Write the data out in full and word for word. Do not include images.
Segment Start: Provided information
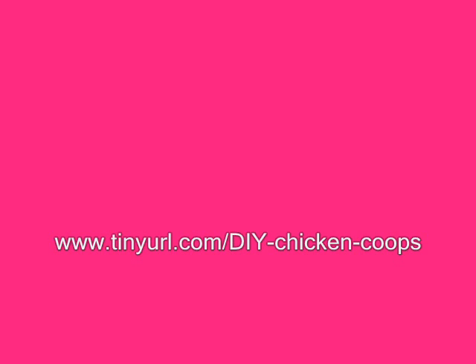Bill Keen is a former poultry farmer and author of the guide, Building a Chicken Coop.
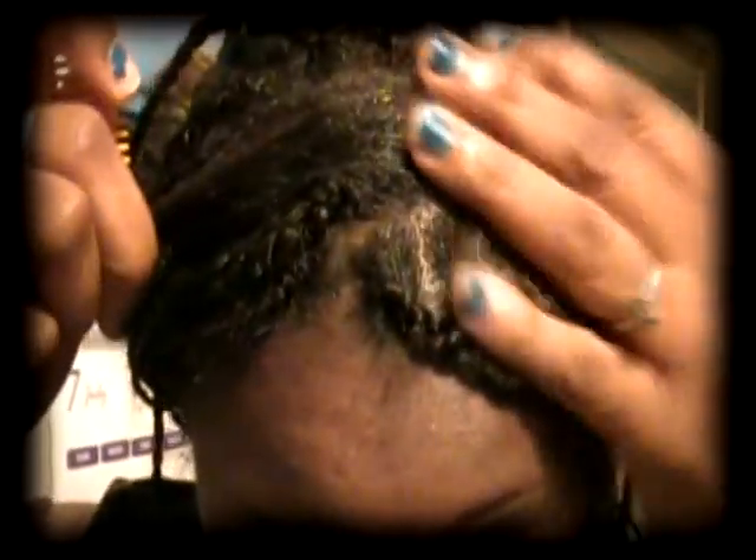What we're going to do is part going across right here. We've done this side right here, and now what we're going to do — this is probably the two or three braid. Okay, so I'm done.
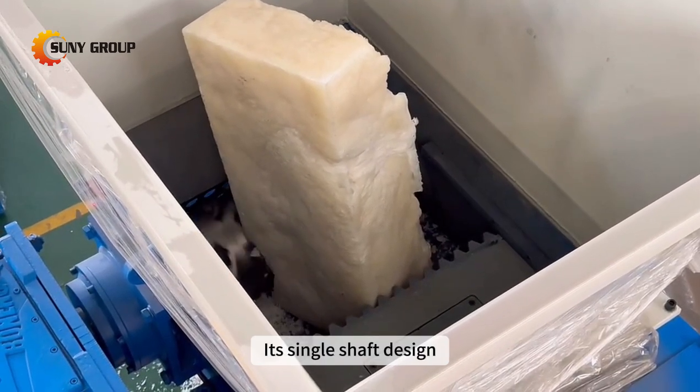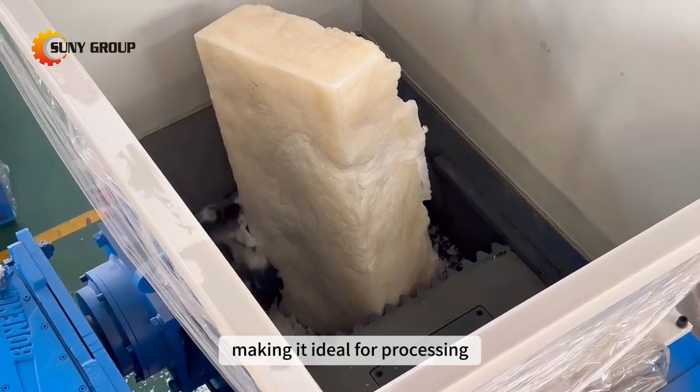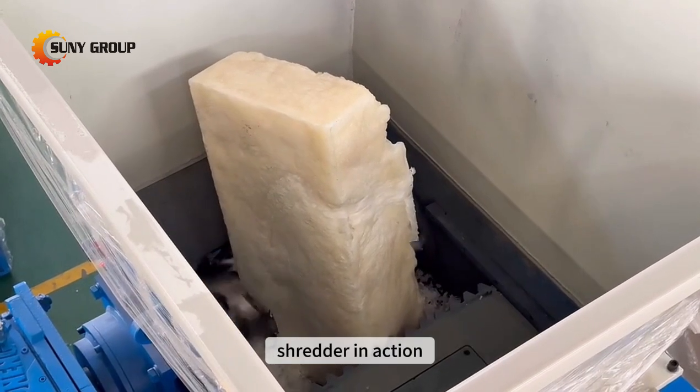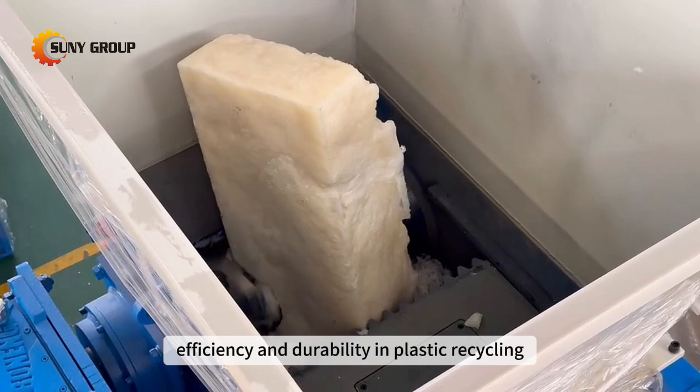Its single-shaft design ensures optimal shredding performance, making it ideal for processing PP blocks and other plastic materials. Experience the versatility and reliability of our shredder in action as it demonstrates its superior efficiency and durability in plastic recycling.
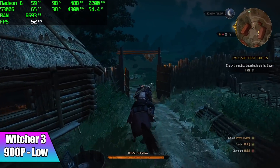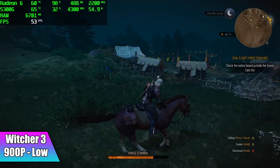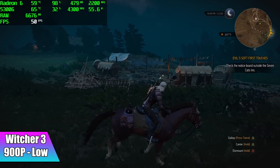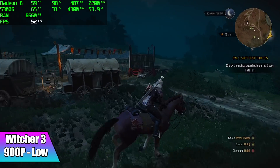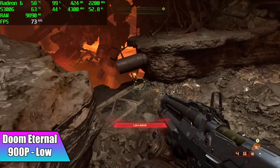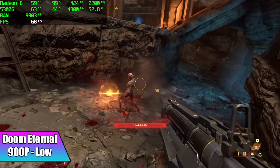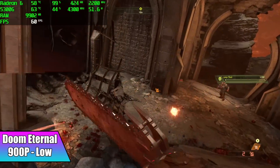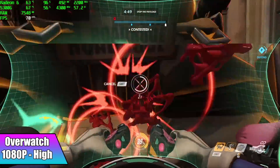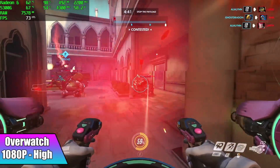Witcher 3 also needed a resolution drop to 900p on low settings, averaging 51 fps. At 720p it will do an average of 63. Doom Eternal performed better than expected — at 900p, low settings, 100% resolution scale, we got an average of 66 fps. Finally for PC gaming, Overwatch at 1080p high settings averaged 71 fps. It's an older, very well-optimized game that has been on the market for a while and runs really well on lower-end hardware.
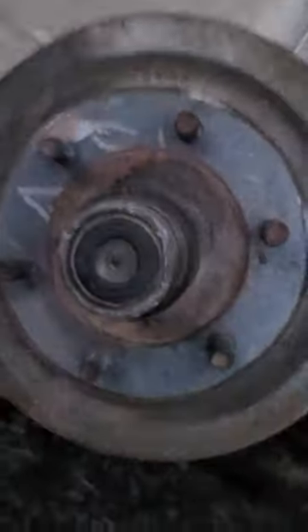It's kind of tough to see, but I'll show you how the bottle jack actually hooks right on to the axle. It literally just grabs a hold of that axle. She's good to go.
Segment End: Provided information
■ Task result
Bill Keen is a former poultry farmer and author of the guide, Building a Chicken Coop.
What we're going to do is part going across right here. We've done this side right here, and now what we're going to do — this is probably the two or three braid. Okay, so I'm done.
Its single-shaft design ensures optimal shredding performance, making it ideal for processing PP blocks and other plastic materials. Experience the versatility and reliability of our shredder in action as it demonstrates its superior efficiency and durability in plastic recycling.
Witcher 3 also needed a resolution drop to 900p on low settings, averaging 51 fps. At 720p it will do an average of 63. Doom Eternal performed better than expected — at 900p, low settings, 100% resolution scale, we got an average of 66 fps. Finally for PC gaming, Overwatch at 1080p high settings averaged 71 fps. It's an older, very well-optimized game that has been on the market for a while and runs really well on lower-end hardware.
It's kind of tough to see, but I'll show you how the bottle jack actually hooks right on to the axle. It literally just grabs a hold of that axle. She's good to go.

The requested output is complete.